:: Task requirements ::
Because the copy must hold no pictures, return the data below with all of its words intact.
----- Information supplied
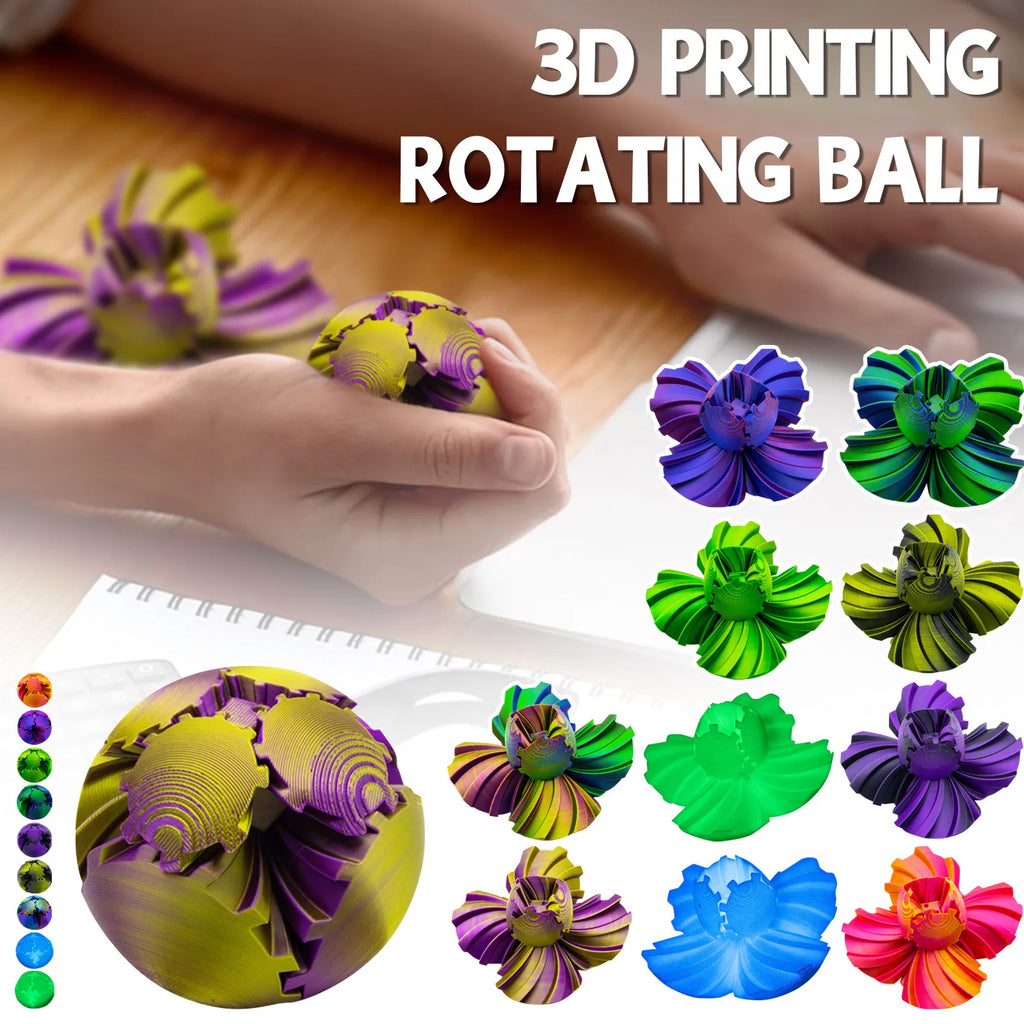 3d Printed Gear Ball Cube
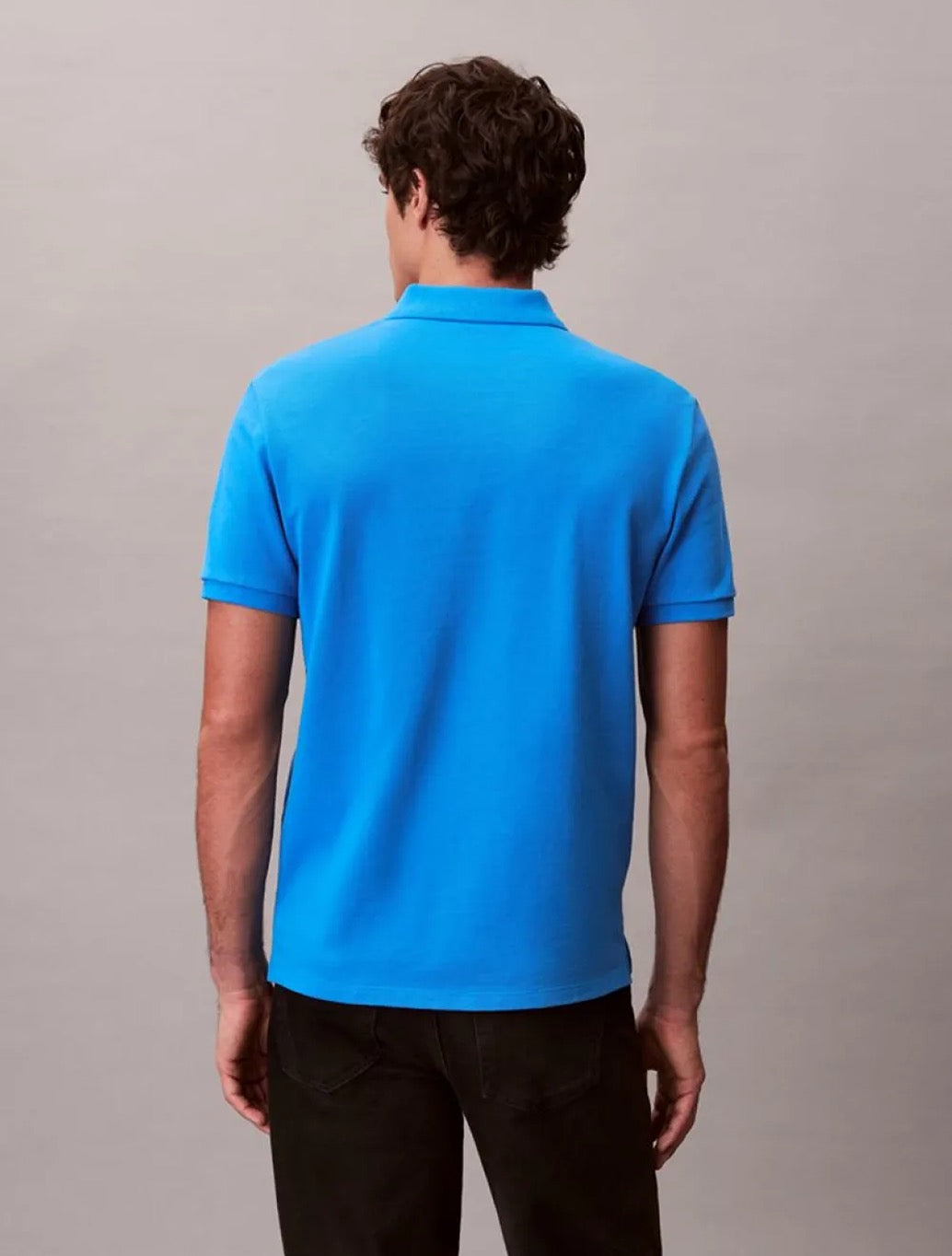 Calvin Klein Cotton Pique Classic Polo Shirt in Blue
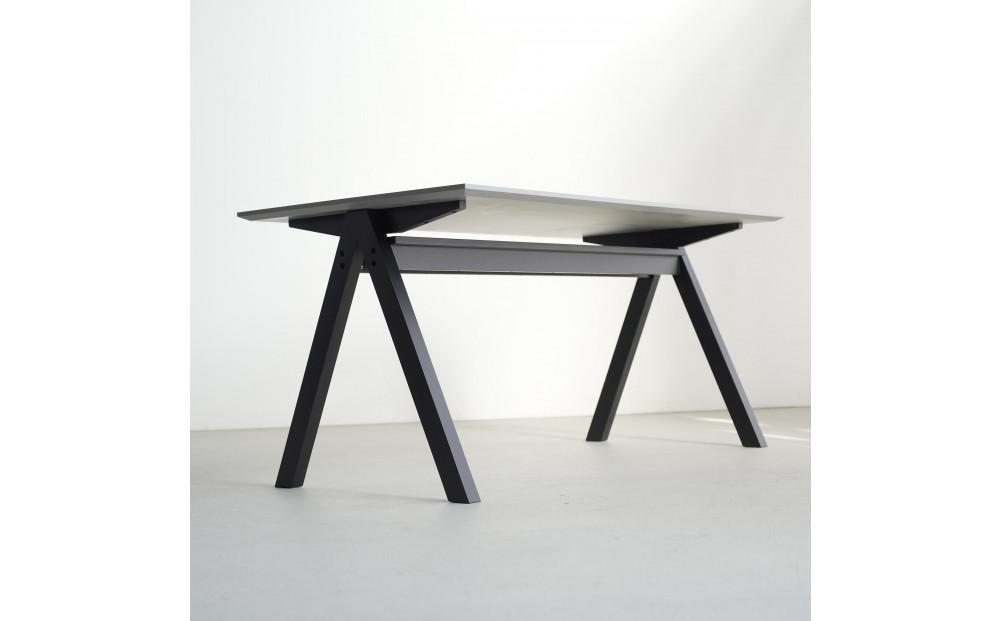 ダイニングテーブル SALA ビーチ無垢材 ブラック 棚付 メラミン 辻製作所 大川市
----------
:: Finished exercise ::
 3d Printed Gear Ball Cube
 Calvin Klein Cotton Pique Classic Polo Shirt in Blue
 ダイニングテーブル SALA ビーチ無垢材 ブラック 棚付 メラミン 辻製作所 大川市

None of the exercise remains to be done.